Repeat the lines below exactly as they appear, but leave out the images.

#### Dataset section:
>>

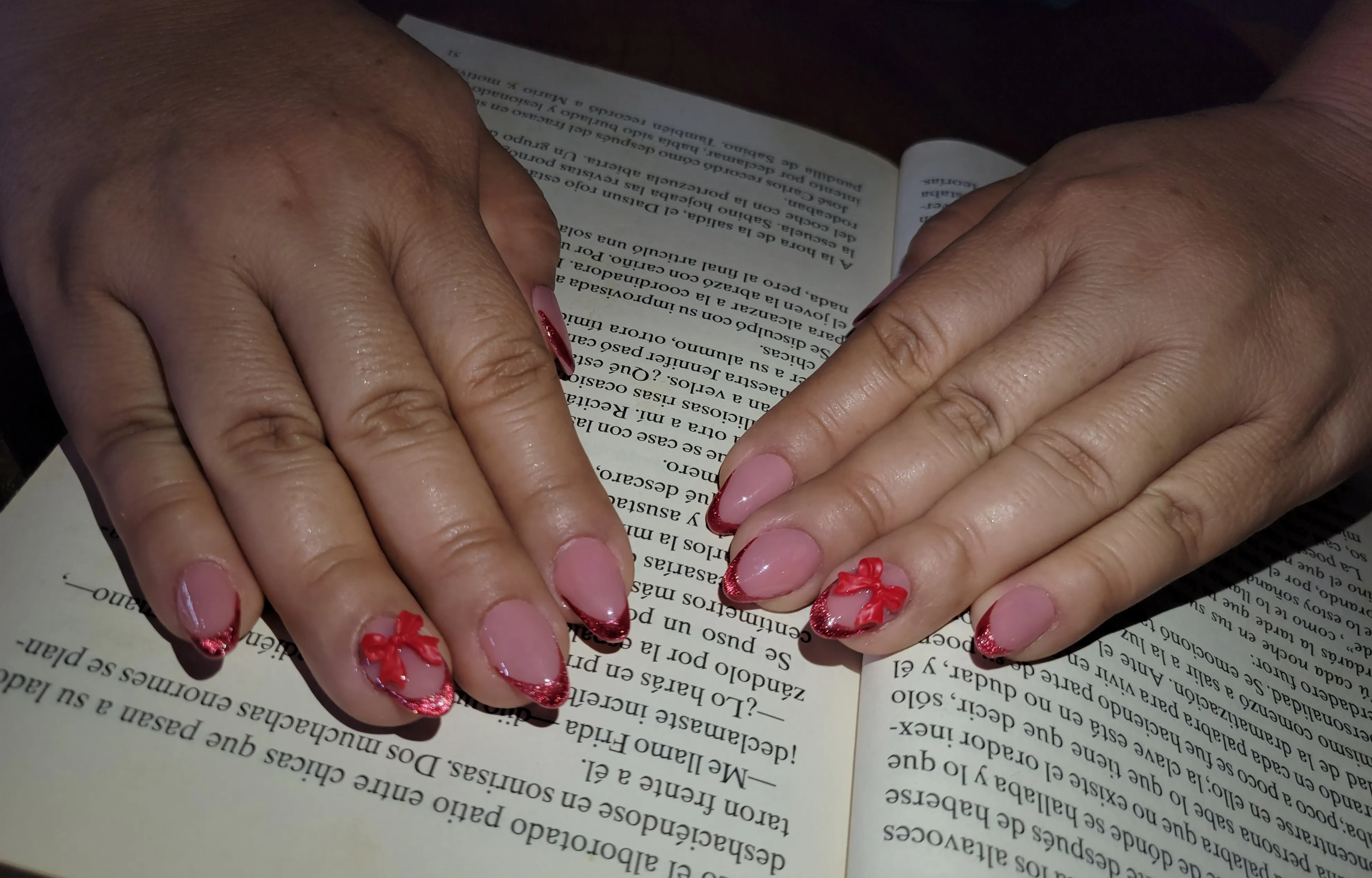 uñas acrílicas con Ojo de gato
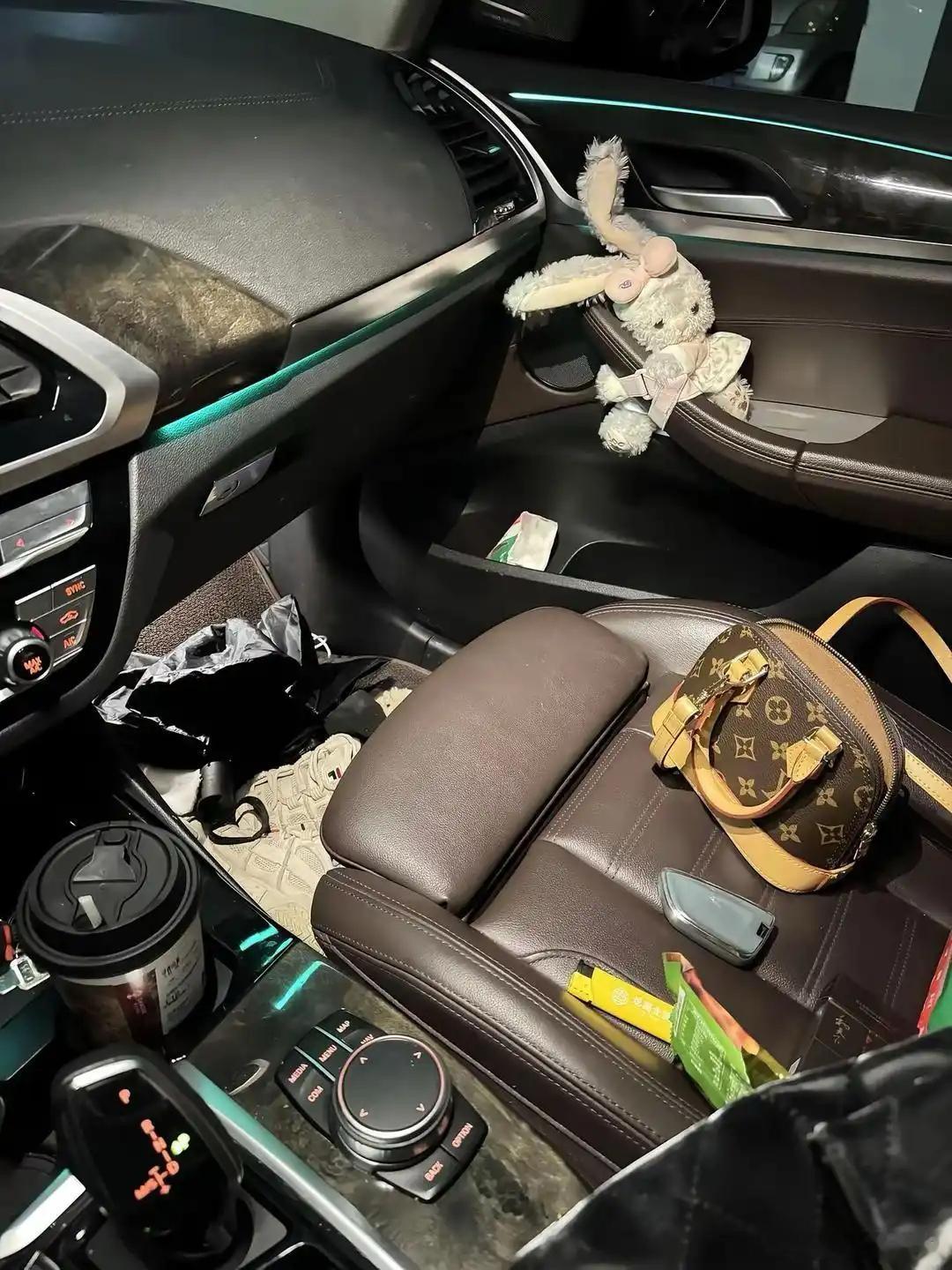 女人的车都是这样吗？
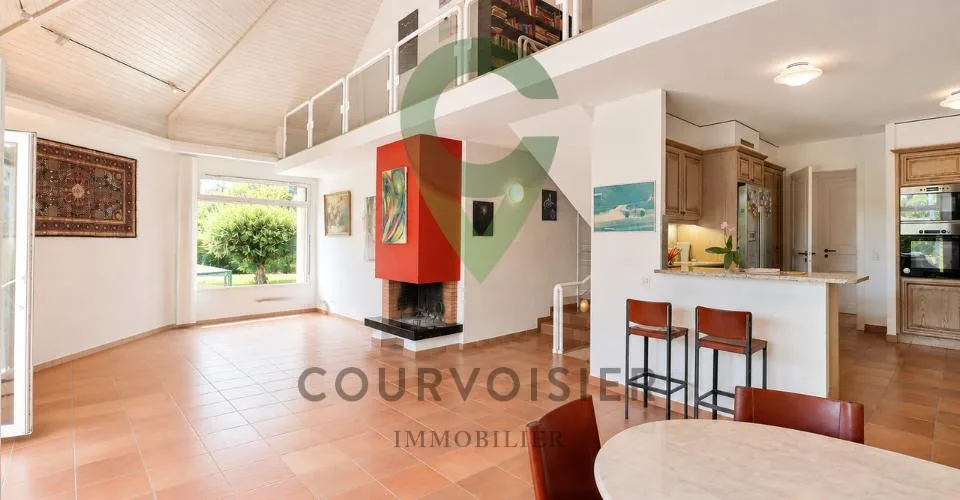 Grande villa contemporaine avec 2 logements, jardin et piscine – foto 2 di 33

<<

#### Answer to the problem:
 uñas acrílicas con Ojo de gato
 女人的车都是这样吗？
 Grande villa contemporaine avec 2 logements, jardin et piscine – foto 2 di 33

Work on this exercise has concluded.